Today CREW and Alan Morrison, a professor at the George Washington University Law School, filed a friend of the court brief in the U.S. Court of Appeals for the Ninth Circuit asking the Court to find the Defense of Marriage Act (DOMA) unconstitutional.
Read the full friend of the court brief here.
CREW’s brief pointed out the perverse effects for ethics, tax, and bankruptcy laws DOMA has by recognizing only opposite sex marriages. For example, DOMA undermines a host of federal ethics laws by excluding from their reach same-sex married couples, who are free to ignore judicial recusal requirements, many requirements to report certain financial information pertaining to their spouses, and other provisions intended to protect against conflicts of interest.
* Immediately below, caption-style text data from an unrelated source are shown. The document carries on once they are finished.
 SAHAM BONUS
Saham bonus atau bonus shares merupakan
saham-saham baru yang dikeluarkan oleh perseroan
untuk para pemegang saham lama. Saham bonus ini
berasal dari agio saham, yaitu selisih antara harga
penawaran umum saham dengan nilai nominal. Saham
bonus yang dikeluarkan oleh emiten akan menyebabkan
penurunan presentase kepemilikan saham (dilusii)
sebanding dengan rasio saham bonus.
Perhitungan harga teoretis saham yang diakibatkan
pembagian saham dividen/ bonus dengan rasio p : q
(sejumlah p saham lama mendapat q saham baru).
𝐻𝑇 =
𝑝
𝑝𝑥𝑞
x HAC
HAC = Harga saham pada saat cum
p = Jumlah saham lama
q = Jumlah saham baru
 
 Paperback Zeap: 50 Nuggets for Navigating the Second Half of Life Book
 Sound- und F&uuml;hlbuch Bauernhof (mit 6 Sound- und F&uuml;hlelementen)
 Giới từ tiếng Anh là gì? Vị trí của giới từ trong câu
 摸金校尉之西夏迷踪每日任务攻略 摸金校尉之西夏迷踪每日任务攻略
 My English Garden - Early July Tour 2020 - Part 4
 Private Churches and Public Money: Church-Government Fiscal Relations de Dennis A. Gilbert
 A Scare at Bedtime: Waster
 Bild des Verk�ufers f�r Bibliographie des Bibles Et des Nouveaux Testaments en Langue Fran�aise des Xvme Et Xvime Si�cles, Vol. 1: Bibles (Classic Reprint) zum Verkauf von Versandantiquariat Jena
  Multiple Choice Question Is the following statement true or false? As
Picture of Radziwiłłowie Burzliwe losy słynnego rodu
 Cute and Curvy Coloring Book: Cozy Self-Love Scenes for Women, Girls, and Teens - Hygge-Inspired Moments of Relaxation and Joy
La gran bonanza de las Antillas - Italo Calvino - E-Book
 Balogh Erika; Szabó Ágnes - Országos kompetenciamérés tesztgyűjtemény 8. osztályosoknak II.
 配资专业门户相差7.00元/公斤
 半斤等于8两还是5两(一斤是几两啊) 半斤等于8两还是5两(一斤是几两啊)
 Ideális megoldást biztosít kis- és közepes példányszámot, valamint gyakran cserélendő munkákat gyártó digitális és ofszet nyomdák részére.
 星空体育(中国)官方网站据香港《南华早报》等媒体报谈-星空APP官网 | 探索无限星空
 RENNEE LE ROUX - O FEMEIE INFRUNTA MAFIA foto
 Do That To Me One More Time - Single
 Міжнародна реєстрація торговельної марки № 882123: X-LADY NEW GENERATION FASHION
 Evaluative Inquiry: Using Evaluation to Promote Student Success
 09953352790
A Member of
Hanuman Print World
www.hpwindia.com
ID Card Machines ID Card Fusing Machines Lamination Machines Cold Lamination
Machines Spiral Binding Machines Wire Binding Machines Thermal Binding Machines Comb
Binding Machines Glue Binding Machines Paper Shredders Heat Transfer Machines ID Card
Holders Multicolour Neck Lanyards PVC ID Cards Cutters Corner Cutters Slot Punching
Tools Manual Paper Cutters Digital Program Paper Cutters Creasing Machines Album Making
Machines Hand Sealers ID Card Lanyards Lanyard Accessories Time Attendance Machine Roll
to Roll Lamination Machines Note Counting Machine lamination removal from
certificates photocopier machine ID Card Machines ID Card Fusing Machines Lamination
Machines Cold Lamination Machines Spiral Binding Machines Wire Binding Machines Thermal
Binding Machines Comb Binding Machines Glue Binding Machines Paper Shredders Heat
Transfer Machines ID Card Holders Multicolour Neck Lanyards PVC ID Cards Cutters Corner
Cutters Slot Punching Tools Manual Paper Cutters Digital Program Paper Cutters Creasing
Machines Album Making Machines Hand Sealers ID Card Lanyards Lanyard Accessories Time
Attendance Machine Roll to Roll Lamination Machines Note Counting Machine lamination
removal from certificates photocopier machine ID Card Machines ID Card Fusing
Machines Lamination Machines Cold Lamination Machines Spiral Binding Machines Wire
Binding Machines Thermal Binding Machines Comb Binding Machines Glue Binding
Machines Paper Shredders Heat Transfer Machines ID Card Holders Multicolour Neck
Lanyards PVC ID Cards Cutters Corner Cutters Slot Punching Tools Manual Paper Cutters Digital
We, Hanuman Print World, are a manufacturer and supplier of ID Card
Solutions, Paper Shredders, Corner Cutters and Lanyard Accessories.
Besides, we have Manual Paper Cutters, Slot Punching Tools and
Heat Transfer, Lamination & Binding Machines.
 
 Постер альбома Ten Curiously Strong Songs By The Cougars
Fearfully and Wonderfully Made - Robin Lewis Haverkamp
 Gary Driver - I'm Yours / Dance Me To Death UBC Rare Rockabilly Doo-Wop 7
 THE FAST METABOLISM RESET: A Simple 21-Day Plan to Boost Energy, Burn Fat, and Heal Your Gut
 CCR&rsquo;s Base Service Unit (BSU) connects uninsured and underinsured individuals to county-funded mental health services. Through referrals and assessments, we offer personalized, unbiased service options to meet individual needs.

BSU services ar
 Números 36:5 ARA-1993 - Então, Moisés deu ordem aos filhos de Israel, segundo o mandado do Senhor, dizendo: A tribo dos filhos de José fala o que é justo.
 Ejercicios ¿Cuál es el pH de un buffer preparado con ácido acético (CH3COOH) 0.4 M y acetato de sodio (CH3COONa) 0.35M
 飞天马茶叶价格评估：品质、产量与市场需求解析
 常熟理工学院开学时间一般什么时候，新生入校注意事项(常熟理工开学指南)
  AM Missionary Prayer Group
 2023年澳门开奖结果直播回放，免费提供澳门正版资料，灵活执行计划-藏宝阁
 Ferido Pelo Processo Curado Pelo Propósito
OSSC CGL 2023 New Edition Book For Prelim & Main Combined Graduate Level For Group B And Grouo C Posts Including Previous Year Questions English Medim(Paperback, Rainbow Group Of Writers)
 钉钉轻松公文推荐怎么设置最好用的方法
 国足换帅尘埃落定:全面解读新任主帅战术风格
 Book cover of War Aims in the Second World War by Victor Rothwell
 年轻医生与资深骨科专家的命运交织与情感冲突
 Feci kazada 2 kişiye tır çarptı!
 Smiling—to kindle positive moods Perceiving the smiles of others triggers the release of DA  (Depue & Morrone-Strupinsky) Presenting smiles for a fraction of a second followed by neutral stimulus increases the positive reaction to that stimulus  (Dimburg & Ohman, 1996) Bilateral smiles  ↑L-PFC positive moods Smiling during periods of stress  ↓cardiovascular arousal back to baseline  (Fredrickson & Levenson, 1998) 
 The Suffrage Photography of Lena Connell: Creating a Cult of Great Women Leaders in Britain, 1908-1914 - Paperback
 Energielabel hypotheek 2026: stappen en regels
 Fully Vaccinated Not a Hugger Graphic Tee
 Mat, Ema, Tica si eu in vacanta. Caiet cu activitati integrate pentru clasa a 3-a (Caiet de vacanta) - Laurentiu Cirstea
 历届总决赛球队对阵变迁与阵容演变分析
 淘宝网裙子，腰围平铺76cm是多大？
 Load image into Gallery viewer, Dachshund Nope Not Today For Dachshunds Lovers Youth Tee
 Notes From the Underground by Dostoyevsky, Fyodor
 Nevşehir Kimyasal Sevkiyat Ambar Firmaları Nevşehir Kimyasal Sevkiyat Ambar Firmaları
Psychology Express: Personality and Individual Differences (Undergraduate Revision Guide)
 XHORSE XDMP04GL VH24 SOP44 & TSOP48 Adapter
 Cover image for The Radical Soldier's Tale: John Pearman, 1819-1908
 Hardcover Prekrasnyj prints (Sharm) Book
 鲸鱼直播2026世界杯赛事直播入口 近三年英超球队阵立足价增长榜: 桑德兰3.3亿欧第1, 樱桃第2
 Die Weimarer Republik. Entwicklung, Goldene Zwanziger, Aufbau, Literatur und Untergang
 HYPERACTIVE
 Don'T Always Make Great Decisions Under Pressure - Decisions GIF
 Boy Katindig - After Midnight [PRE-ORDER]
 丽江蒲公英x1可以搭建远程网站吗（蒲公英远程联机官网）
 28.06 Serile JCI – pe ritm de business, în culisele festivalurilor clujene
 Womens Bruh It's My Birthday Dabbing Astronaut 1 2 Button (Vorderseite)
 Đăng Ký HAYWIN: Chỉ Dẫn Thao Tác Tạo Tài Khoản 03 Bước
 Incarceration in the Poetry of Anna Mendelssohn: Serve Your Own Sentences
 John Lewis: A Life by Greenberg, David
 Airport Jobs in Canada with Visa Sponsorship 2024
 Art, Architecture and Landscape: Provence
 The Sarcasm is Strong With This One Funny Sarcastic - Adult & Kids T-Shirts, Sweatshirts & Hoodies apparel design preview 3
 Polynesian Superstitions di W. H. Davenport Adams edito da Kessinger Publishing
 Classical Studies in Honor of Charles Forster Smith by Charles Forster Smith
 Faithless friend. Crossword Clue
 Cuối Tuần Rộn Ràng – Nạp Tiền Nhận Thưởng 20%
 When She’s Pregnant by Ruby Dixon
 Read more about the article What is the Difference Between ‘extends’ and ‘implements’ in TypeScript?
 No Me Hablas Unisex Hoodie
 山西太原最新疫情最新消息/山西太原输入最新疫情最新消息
CREW made these same arguments before the U.S. Court of Appeals for the First Circuit, and they formed the basis for that court’s discussion of additional reasons why DOMA is unconstitutional.
In today’s brief, CREW also highlighted how DOMA undermines provisions of the Tax Code by affording same-sex married couples certain tax benefits Congress denied opposite sex married couples seeking to take advantage of certain loopholes in the Tax Code. Similarly, DOMA’s exclusion of same-sex married couples from the definition of marriage also frustrates various provisions of the Bankruptcy Code.